Menurut Direktur LBH Bali Rezky Pratiwi, keberatan dilayangkan karena dalam proses pengajuan izin, warga terdampak tidak dilibatkan secara bermakna dalam pengambilan keputusan. Proses sosialisasi dan pemberian informasi baru dilakukan setelah izin terbit, juga dengan cara-cara yang tidak patut. Dampak dimulainya proyek telah menimbulkan kerugian bagi petani seperti kerusakan barang dan lahan pertanian, konflik sosial, intimidasi berulang hingga upaya kriminalisasi. Upaya perampasan lahan pada proyek ini telah melanggar hak warga masyarakat atas tanah, sumber daya alam, lingkungan yang baik dan sehat, rasa aman, mengancam akses pada pekerjaan dan pendidikan.
Di sisi lain ada ancaman dampak yang lebih meluas dari alih fungsi kawasan dan degradasi lingkungan. Melalui penerbitan izin Pemerintah Pusat dianggap melanggar prinsip-prinsip pembangunan berkelanjutan dalam Deklarasi Rio 1992, terkait prinsip kehati-hatian, partisipasi bermakna, tanggung jawab terhadap pelestarian ekosistem sumber daya alam, serta prinsip keadilan antar generasi. Pemerintah Pusat juga dinilai melanggar hak asasi manusia dan mengabaikan asas-asas umum pemerintahan yang baik (AUPB), yang diantaranya menjamin kemanfaatan serta kepentingan umum yang mendahulukan kesejahteraan dan kemanfaatan yang didukung dengan cara-cara yang aspiratif, akomodatif, selektif, dan tidak diskriminatif.
Sentralisasi izin ke Pemerintah Pusat lewat berlakunya UU Cipta Kerja dianggap memungkinkan terbitnya izin proyek nir-partisipasi seperti leisure park PT. TPB. Daerah dan masyarakat setempat yang mengetahui kondisi sosial, ekonomi, lingkungan, adat, tidak dilibatkan namun justru menerima dampaknya. Pada akhirnya kondisi ini menjauhkan masyarakat terhadap akses keadilan dan justru mengarah pada praktik otoritarian.
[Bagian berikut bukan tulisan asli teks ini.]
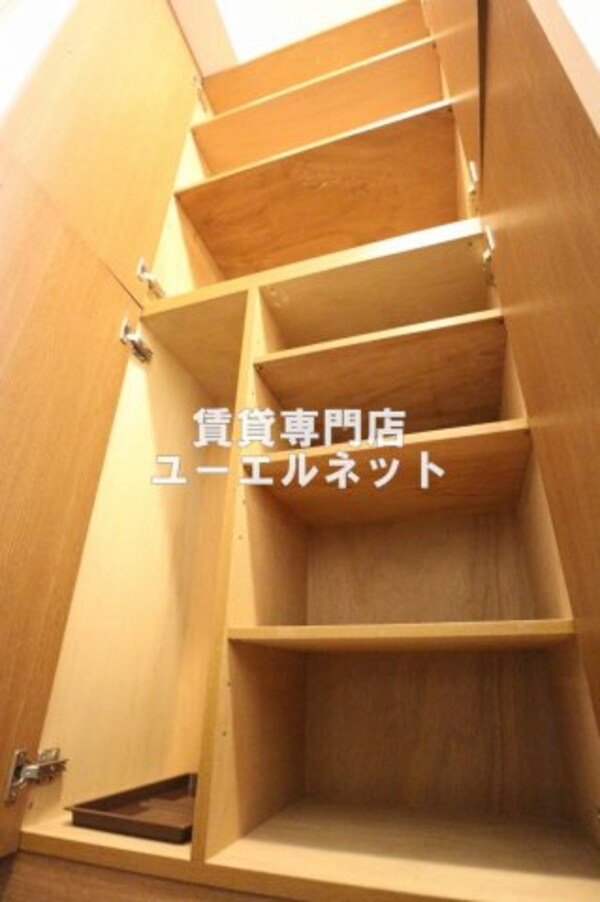 建物設備(シューズボックス)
Berdasarkan pertimbangan di atas, dalam keberatannya para petani menuntut agar para pejabat terkait membatalkan perizinan berusaha PT. TPB dan dokumen pendukung izin lainnya serta menunda pelaksanaan proyek untuk mencegah timbulnya kerugian dan pelanggaran hak warga masyarakat, kerusakan lingkungan hidup, dan konflik sosial.